There was also an All-Ireland but let’s not get ahead of ourselves.
“Yeah, there are parallels,” says McGrath in his contemporary role as a former player, selector and occasional pundit. “That time Cork introduced a number of young lads that were similar. They tick the Cork box in that they are fast, mobile skilful, confident and cocky – Mark Coleman Shane Kingston.
“I suppose the only difference is that team in ’99 came on the back of players that had won under-21 and minor stuff and this group haven’t but that’s not necessarily a reason Cork can’t be successful this year.”
Clare stand for other things in his career catalogue. Four years ago, as selector, he saw Cork lose a Munster final to Limerick and then despite having beaten them in the provincial semi-final, Clare came to beat them in a replayed All-Ireland final.
Time hasn't quite turned that disappointment into a cherished achievement. Cork were within seconds of winning that All-Ireland thanks to an extraordinary point by McGrath's club-mate Patrick Horgan. A generous helping of additional time was sufficient to encompass Domhnall O'Donovan's famous equaliser.
“One missed,” McGrath recalls. “Big time. It’s with me every day of the week. I’ll take it to the grave with me. Sport – there are games from my own career that I’ll take to the grave and in management that’s one of them.
"I met a journalist coming out of here; he was doing stuff for Fáilte Ireland at the time and he was just mesmerised by Anthony Nash [the Cork goalkeeper, whose balloon lift turned every penalty and 20-metre free into an event] – everything through the year, the penalties and his running up, the 13 on the line.
“There were 13 on line! We counted them. And he clung it into the net.

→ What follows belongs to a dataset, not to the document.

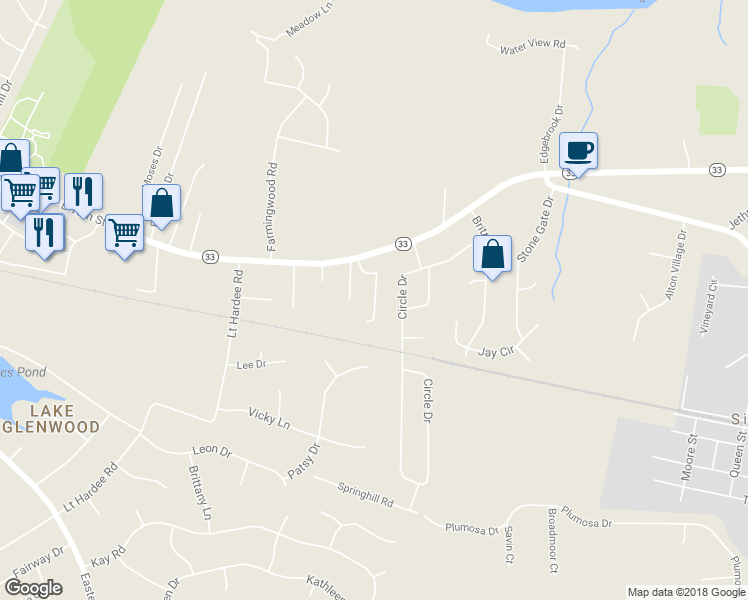 map of restaurants, bars, coffee shops, grocery stores, and more near 424 Winding Lane in Greenville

“There were so many brilliant moments for us that year and we won nothing. We were even relegated that year. For such a brilliant season, to win nothing and be just seconds away, it was just incredible.”
National figure
The replay that year turned a Clare teenager into a national figure. Shane O’Donnell was spirited into the starting line-up and ended up with a hat-trick, setting David Fitzgerald’s team on the road to the Liam MacCarthy. McGrath says that Cork were not blind-sided by the selection. But . . .

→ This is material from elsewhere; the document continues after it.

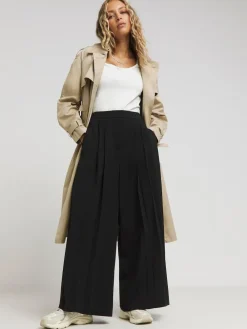 Hot Simply Be Black Magisculpt Pleated Extra Wide Leg Trousers In Regular Length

“In intercounty management you know everything about every player. The stats are so detailed. Seán O’Donnell is our stats manager and he’s so good you know everything.
“Conor Whelan (Galway) started in 15 as a surprise docket. He’d played an intermediate match for Galway just the week before we played them. As soon as we heard on the morning that Conor Whelan was playing we knew straight away what he was good at: left on top, what hand he was good on; you know everything about a player.
“But trust me. We did not expect 3-3 from the chap (O’Donnell). Fast and mobile, we were worried that we might be opened up. We had Shane O’Neill on him and we thought Shane would keep a rein on him but to be fair to the chap he had one of those days he might never have again and he’s shown aspects of it again. I thought he was very sharp the last day.”
This weekend Cork are back like a cure for the Munster championship, helping to fill Semple Stadium and halt for this year the anxieties about falling crowds in the province. McGrath cautions some restraint.
“But I would say the Cork public aren’t getting too carried away at the same time. They are excited the team is what the Cork public like but they are realistic that it is an outside bet they will win the All-Ireland.”